→ Exercise requirements
Without leaving anything out, print every line of the data.

→ Recorded data
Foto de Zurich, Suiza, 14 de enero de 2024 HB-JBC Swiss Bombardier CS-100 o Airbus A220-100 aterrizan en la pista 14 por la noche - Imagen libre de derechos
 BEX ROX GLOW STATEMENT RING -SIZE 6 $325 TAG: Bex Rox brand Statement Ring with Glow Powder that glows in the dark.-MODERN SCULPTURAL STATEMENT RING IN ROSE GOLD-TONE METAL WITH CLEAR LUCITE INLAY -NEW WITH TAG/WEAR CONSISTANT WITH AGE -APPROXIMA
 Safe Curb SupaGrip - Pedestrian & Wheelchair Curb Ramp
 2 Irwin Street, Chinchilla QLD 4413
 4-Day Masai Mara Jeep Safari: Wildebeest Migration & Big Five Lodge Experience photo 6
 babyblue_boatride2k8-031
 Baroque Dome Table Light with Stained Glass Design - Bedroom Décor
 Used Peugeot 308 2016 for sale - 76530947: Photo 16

→ Response for this exercise
Foto de Zurich, Suiza, 14 de enero de 2024 HB-JBC Swiss Bombardier CS-100 o Airbus A220-100 aterrizan en la pista 14 por la noche - Imagen libre de derechos
 BEX ROX GLOW STATEMENT RING -SIZE 6 $325 TAG: Bex Rox brand Statement Ring with Glow Powder that glows in the dark.-MODERN SCULPTURAL STATEMENT RING IN ROSE GOLD-TONE METAL WITH CLEAR LUCITE INLAY -NEW WITH TAG/WEAR CONSISTANT WITH AGE -APPROXIMA
 Safe Curb SupaGrip - Pedestrian & Wheelchair Curb Ramp
 2 Irwin Street, Chinchilla QLD 4413
 4-Day Masai Mara Jeep Safari: Wildebeest Migration & Big Five Lodge Experience photo 6
 babyblue_boatride2k8-031
 Baroque Dome Table Light with Stained Glass Design - Bedroom Décor
 Used Peugeot 308 2016 for sale - 76530947: Photo 16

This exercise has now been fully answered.